# Problem description
Set down each record below exactly as it stands. Pictures are not part of the copy.

Scraped caption text data:
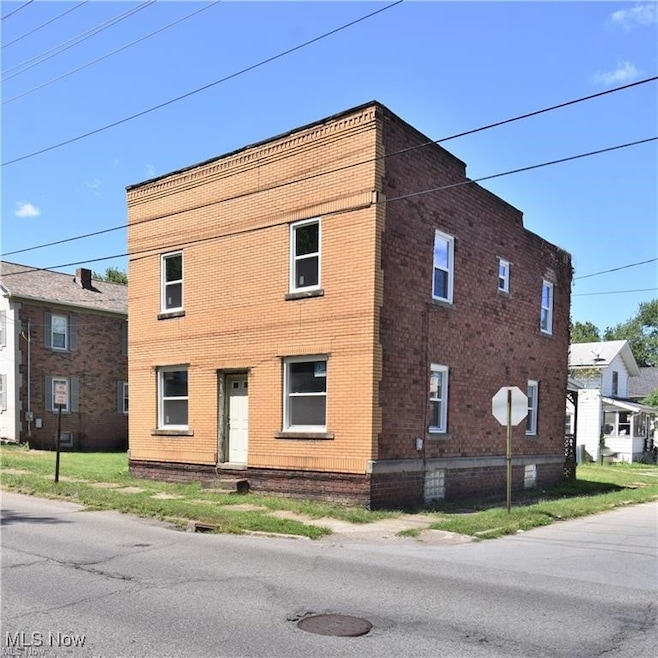 138 Moore St, Hubbard, OH 44425 - photo 1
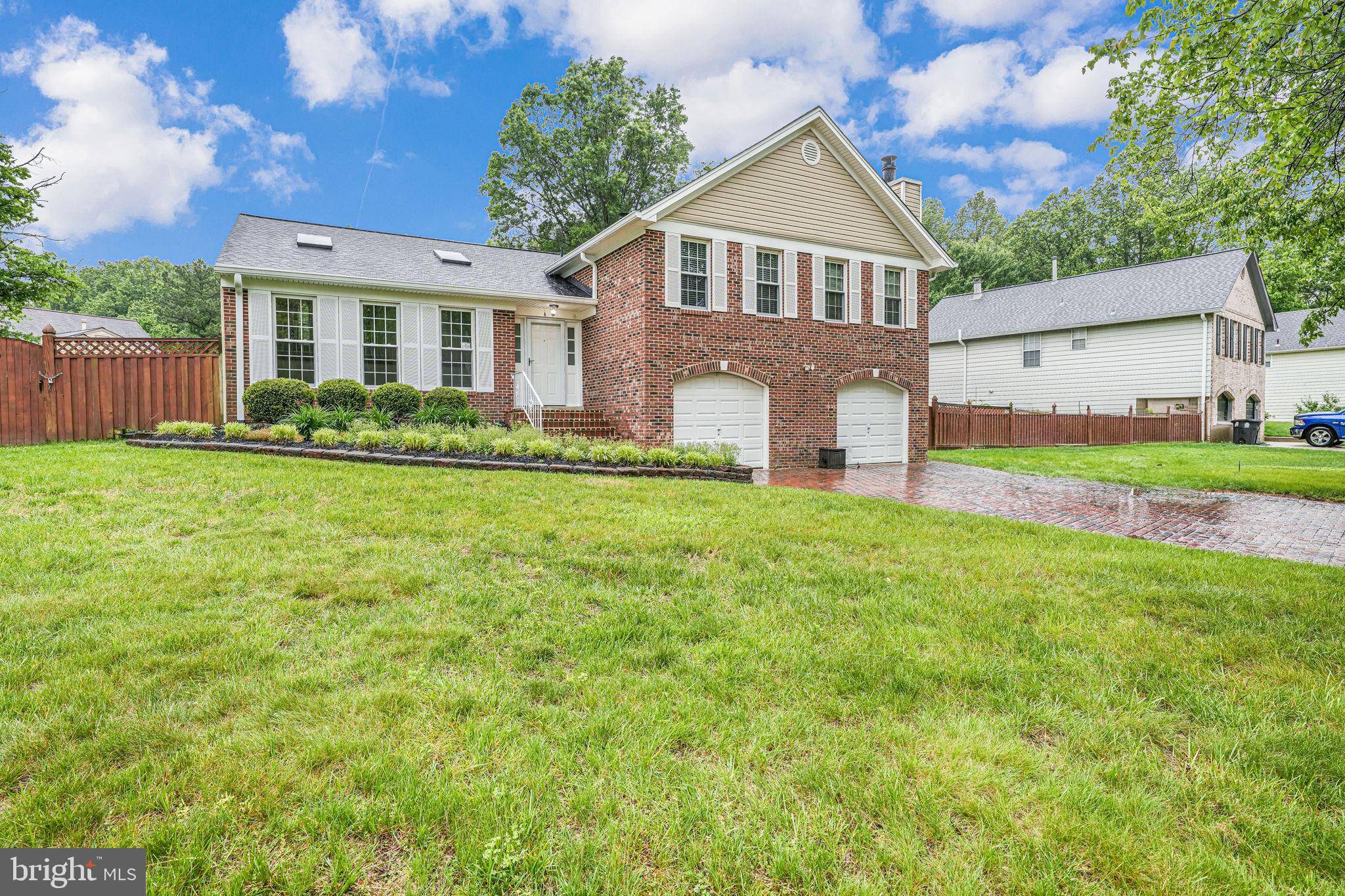 Glenn Dale, MD 20769,12211 GUINEVERE PL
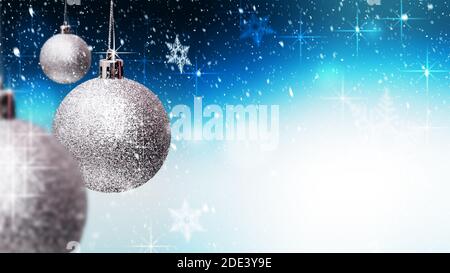 Silberne Weihnachtskugeln auf blauem Hintergrund mit Schneeflocken. Banner. Frohe Weihnachten und Happy New Year Konzept. Speicherplatz kopieren Stockfoto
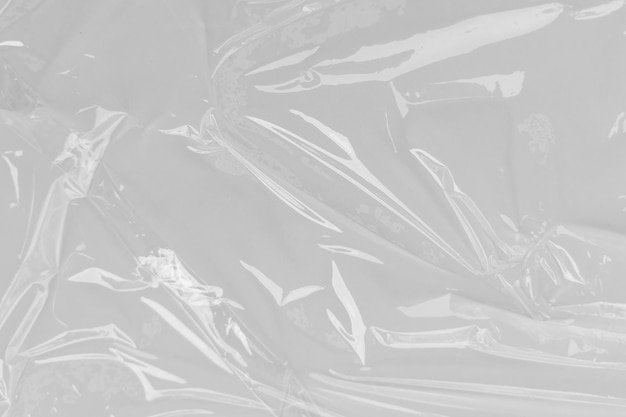 Textur aus weißem Kunststoff oder Polyethylenbeutel Transparenter, faltiger Kunststoff, makroweißer Hintergrund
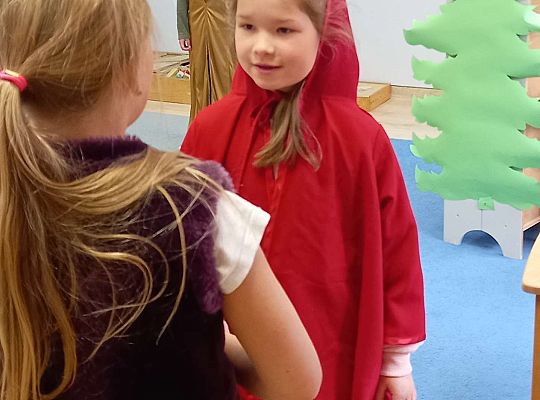 Gr. IV - Teatrzyk "Czerwony  Kapturek " w wykonaniu  dzieci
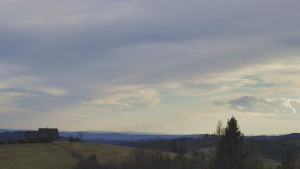 Skiareál Troják - Troják, Maruška - panorama - 5.4.2026 v 18:02 Skiareál Troják - Troják, Maruška - panorama - 5.4.2026 v 18:02
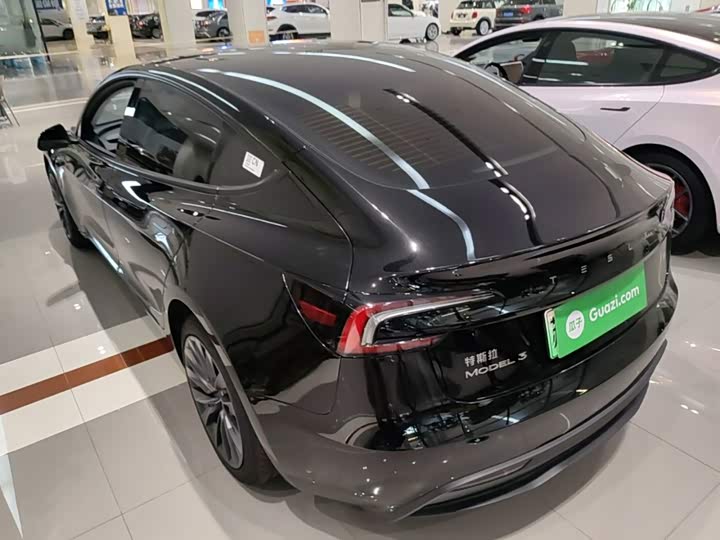 Tesla Model 3, 2025 — фото 5 из 9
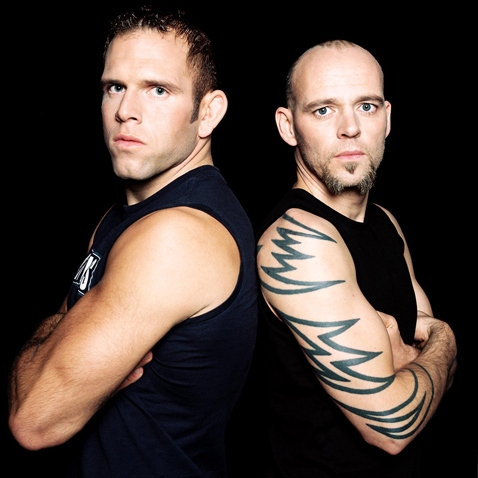 Die beiden Protagonisten der Fighter-Fitness DVD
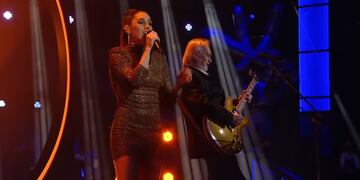 La santafesina y el rockero arrancaron su presentación con "El tiempo es veloz".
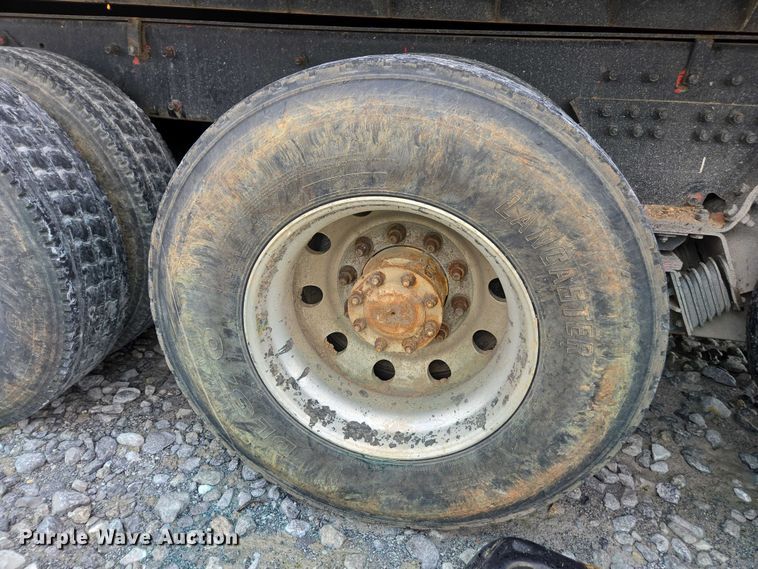 image for item YA2656 2009 Peterbilt 365 dump truck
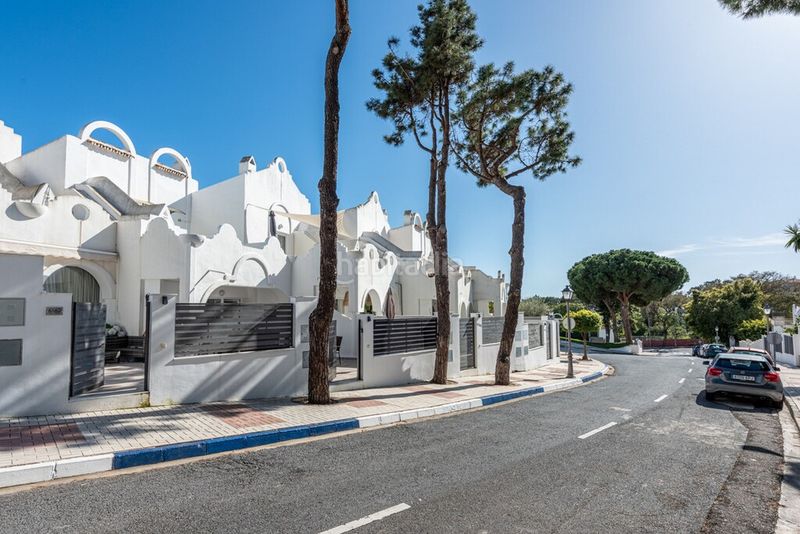 Foto cc024500-f331-488f-b688-19584110e849. Casa aparellada amb piscina a reserva de Marbella Marbella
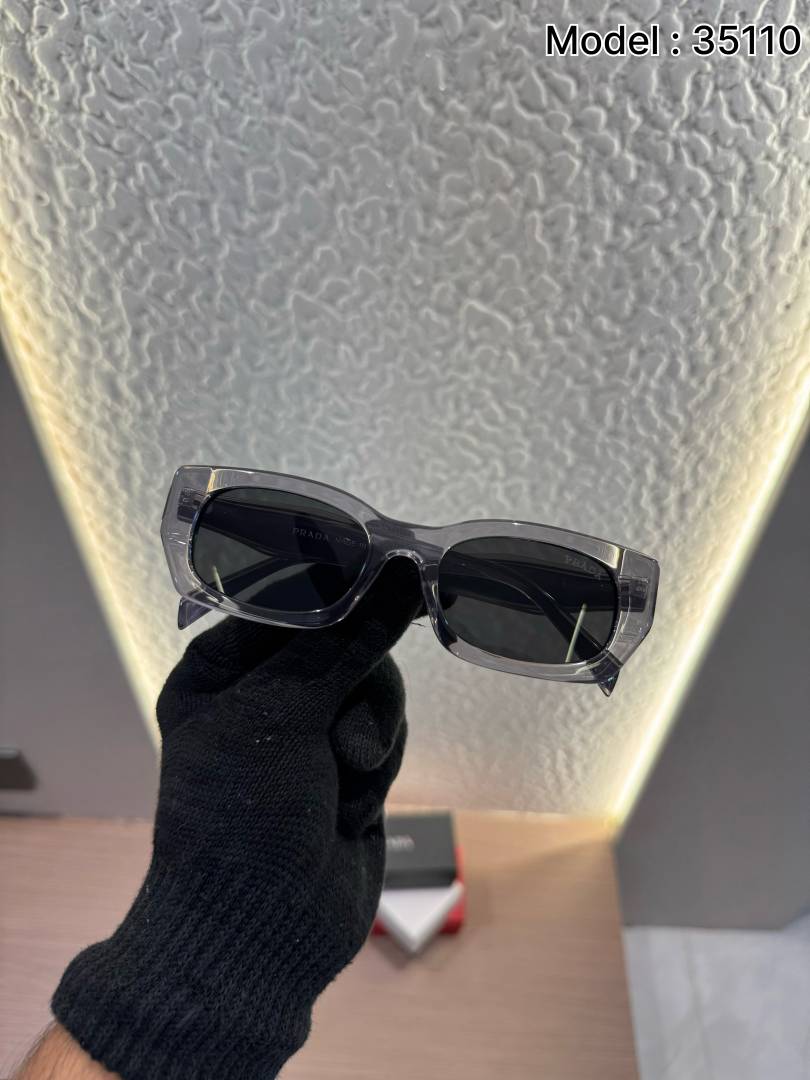 Prada_35110_Glossy_Grey
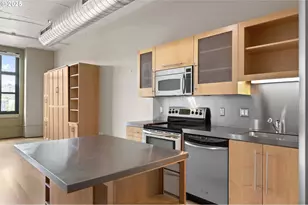 1400 NW Irving St, Portland, OR 97209 - Photo 12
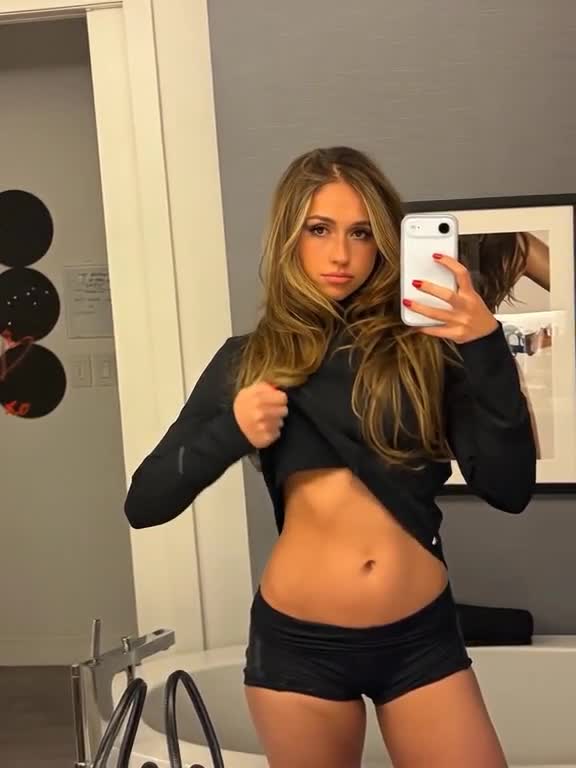 Video thumbnail for Tate Mcrae AI Video Illusion - Nude AI Celebs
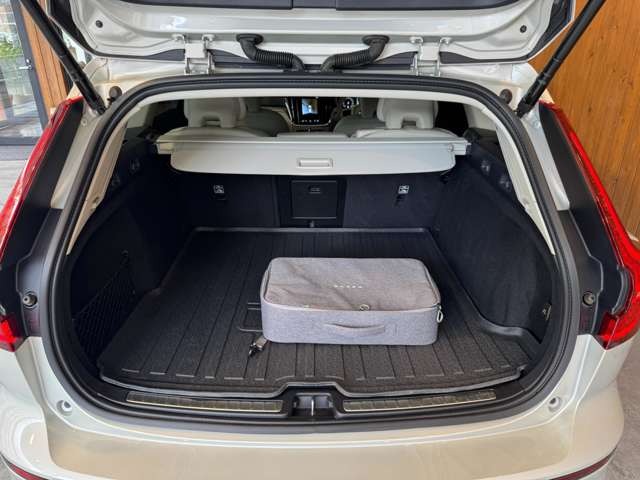 V60 リチャージ プラグイン ハイブリッド T6 AWD インスクリプション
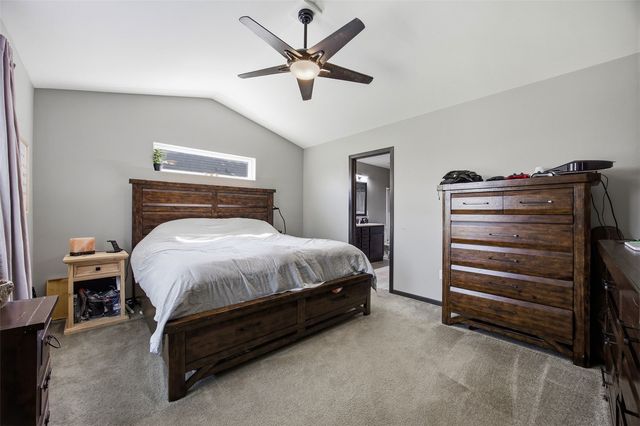 1410 Legend Drive, Tiffin, IA 52340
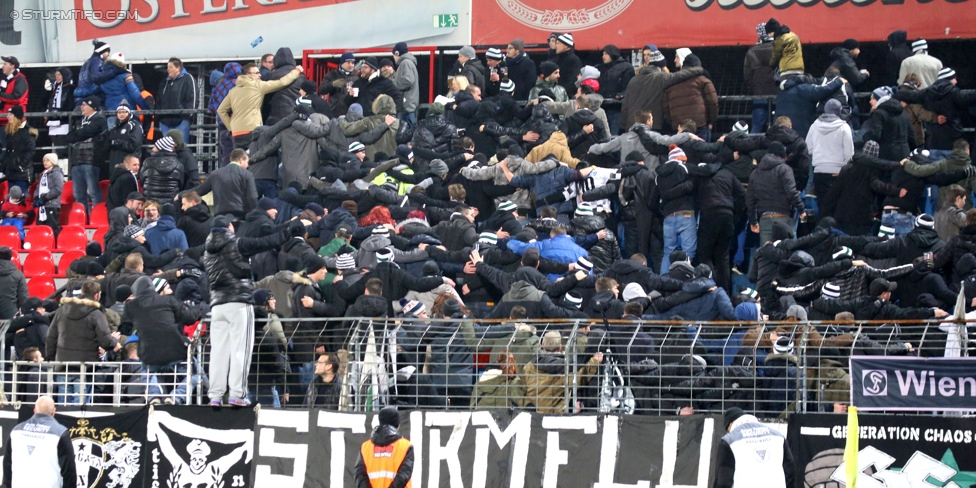 Admira Wacker - Sturm Graz
Oesterreichische Fussball Bundesliga, 17. Runde, FC Admira Wacker Moedling, Stadion Suedstadt Maria Enzersdorf, 29.11.2014. 

Foto zeigt Fans von Sturm
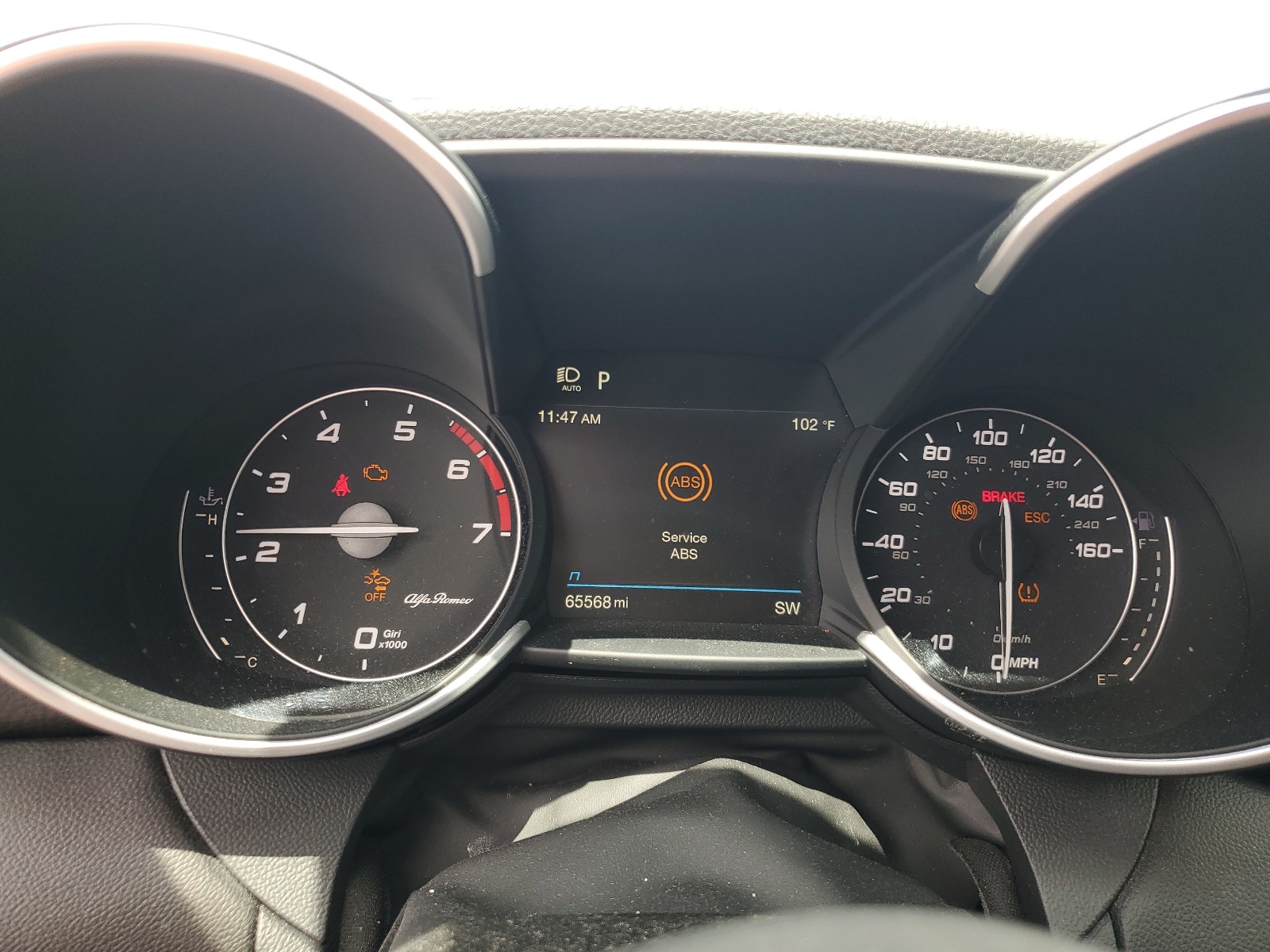 ZARFAECN4H7557904 2017 Alfa Romeo Giulia Ti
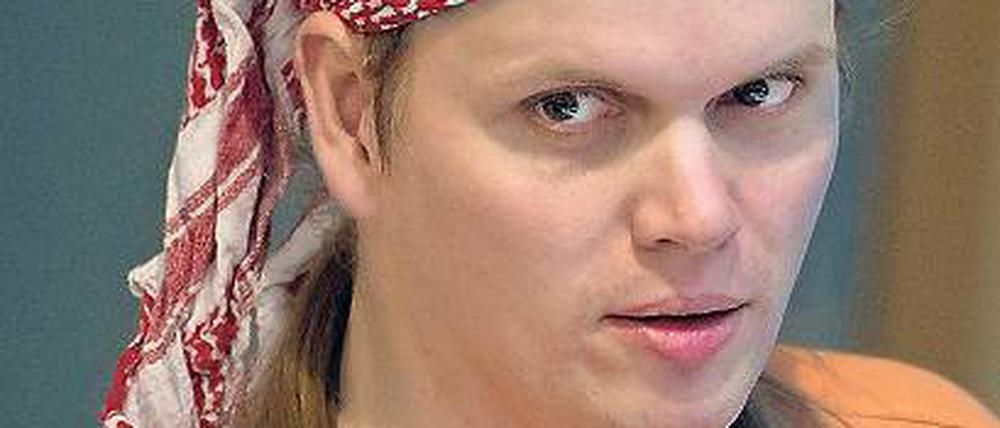 Schauriger Fall. Polizisten fanden die Leiche des Piratenpolitikers Gerwald Claus-Brunner am Montag in seiner Steglitzer Wohnung. Dort wurde auch ein zweiter Leichnam entdeckt – möglicherweise ein Opfer Claus-Brunners.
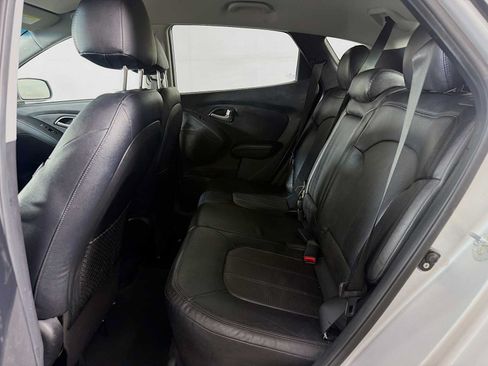 Used 2012 Hyundai Tucson Limited AWD/4WD image 19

# Answer to the problem
 138 Moore St, Hubbard, OH 44425 - photo 1
 Glenn Dale, MD 20769,12211 GUINEVERE PL
 Silberne Weihnachtskugeln auf blauem Hintergrund mit Schneeflocken. Banner. Frohe Weihnachten und Happy New Year Konzept. Speicherplatz kopieren Stockfoto
 Textur aus weißem Kunststoff oder Polyethylenbeutel Transparenter, faltiger Kunststoff, makroweißer Hintergrund
 Gr. IV - Teatrzyk "Czerwony  Kapturek " w wykonaniu  dzieci
 Skiareál Troják - Troják, Maruška - panorama - 5.4.2026 v 18:02 Skiareál Troják - Troják, Maruška - panorama - 5.4.2026 v 18:02
 Tesla Model 3, 2025 — фото 5 из 9
 Die beiden Protagonisten der Fighter-Fitness DVD
 La santafesina y el rockero arrancaron su presentación con "El tiempo es veloz".
 image for item YA2656 2009 Peterbilt 365 dump truck
 Foto cc024500-f331-488f-b688-19584110e849. Casa aparellada amb piscina a reserva de Marbella Marbella
 Prada_35110_Glossy_Grey
 1400 NW Irving St, Portland, OR 97209 - Photo 12
 Video thumbnail for Tate Mcrae AI Video Illusion - Nude AI Celebs
 V60 リチャージ プラグイン ハイブリッド T6 AWD インスクリプション
 1410 Legend Drive, Tiffin, IA 52340
 Admira Wacker - Sturm Graz
Oesterreichische Fussball Bundesliga, 17. Runde, FC Admira Wacker Moedling, Stadion Suedstadt Maria Enzersdorf, 29.11.2014. 

Foto zeigt Fans von Sturm
 ZARFAECN4H7557904 2017 Alfa Romeo Giulia Ti
 Schauriger Fall. Polizisten fanden die Leiche des Piratenpolitikers Gerwald Claus-Brunner am Montag in seiner Steglitzer Wohnung. Dort wurde auch ein zweiter Leichnam entdeckt – möglicherweise ein Opfer Claus-Brunners.
 Used 2012 Hyundai Tucson Limited AWD/4WD image 19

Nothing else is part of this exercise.